Sauf que ces deux histoires ne sont pas à proprement parler des suites. Elles traitent du même sujet, impliquent les mêmes personnages, retournent même sur des lieux mentionnés auparavant, mais elle ne font guère avancer l’histoire pour autant.
Pire : Le Grand Jeu ne propose aucune réelle conclusion. A la fin du tome 6, il est tout à fait possible d’imaginer une nouvelle intrigue dans le même univers. Du coup, la déception est immense. Trois tomes, puis 2 puis 1… Manque d’inspiration ? L’intrigue « algérienne » est d’ailleurs la plus faible car elle traite surtout du massacre de populations rebelles (références évidentes à la Guerre d’Algérie), la partie mythologique étant un peu reléguée au second plan. Non pas que le sujet abordé ne soit pas intéressant, bien au contraire, mais il s’éloigne du thème principal qui du coup n’est quasiment pas traité. Anthinéa, qui donne son titre à l’album, demeure un mystère complet par exemple.
En un sens, la construction du Grand Jeu rappelle là encore l’œuvre de Lovecraft, où chaque nouvelle, indépendante les unes des autres, constitue une brique d’un univers très vaste. Les textes peuvent être lus dans le désordre le plus total, comme des témoignages de personnes qui ne se connaissent pas et que l’on ne recroise jamais. Sauf qu’à l’inverse du maître de Providence, les personnages sont ici récurrents et le héros sait ce qu’il affronte après l’épisode « nazi » ; du coup, le lecteur est en attente d’avancées, de découvertes et d’explications définitives qui ne viendront jamais.
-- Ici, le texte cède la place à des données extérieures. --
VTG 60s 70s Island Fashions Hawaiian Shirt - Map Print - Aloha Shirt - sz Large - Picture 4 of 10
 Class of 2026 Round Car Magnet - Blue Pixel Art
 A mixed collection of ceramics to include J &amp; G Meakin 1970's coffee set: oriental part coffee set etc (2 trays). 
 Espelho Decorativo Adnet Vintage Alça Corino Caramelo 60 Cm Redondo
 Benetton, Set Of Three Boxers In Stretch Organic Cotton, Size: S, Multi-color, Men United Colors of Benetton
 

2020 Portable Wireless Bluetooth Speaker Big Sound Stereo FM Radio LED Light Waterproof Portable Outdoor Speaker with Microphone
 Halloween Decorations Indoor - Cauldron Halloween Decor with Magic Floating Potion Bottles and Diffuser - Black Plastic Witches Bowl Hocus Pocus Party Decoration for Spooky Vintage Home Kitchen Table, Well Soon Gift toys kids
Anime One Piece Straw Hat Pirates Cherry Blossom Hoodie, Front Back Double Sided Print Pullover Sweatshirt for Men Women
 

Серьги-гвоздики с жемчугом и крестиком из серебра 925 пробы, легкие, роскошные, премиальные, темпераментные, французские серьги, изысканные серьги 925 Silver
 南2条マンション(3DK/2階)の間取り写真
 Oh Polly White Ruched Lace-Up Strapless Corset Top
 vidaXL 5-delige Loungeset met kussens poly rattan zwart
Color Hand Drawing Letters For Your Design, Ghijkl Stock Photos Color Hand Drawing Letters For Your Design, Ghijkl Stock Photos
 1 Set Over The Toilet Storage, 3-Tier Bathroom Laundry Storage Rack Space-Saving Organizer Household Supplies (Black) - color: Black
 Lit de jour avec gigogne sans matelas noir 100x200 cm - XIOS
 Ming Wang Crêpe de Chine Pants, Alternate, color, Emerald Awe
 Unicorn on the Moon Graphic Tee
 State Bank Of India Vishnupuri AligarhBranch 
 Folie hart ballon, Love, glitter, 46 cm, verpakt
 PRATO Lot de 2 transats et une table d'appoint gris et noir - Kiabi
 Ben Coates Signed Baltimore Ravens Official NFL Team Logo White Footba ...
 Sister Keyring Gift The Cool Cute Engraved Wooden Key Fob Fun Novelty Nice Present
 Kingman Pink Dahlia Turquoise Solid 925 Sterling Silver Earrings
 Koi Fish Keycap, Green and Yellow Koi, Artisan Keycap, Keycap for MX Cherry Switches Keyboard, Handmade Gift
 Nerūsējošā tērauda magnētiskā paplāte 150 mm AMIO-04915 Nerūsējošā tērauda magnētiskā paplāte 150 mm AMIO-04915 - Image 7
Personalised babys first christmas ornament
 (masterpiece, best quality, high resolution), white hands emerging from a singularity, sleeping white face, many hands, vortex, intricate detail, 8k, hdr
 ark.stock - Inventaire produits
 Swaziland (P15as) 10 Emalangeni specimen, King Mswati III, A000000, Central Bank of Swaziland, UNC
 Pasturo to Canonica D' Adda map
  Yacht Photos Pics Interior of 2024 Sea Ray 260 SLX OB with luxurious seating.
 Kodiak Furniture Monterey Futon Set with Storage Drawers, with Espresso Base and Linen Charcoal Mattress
Aucune suite n’est prévue [3] et nous restons donc sur notre faim.

 

Le Grand Jeu - Tome 4 planche 2 ©Delcourt

Le Grand Jeu – Tome 4 planche 2 ©Delcourt

 

En résumé, une histoire agréable à lire pour ceux qui aiment l’uchronie et/ou le fantastique, bien rythmée et avec des personnages intéressants, mais qui ne tient pas ses promesses jusque au bout.

 

 

[1] J’exagère un peu : le titre « Ultima Thulé » était un indice. Mais cela aurait pu n’être qu’un objectif utopique comme les autres (voir plus loin).

[2] Parmi les plus connues, on peut citer les recherches du Graal, de l’Arche d’Alliance ou de la Lance de la Destinée.

[3] Le tome 7 porte une cocarde « La conclusion de l’aventure ».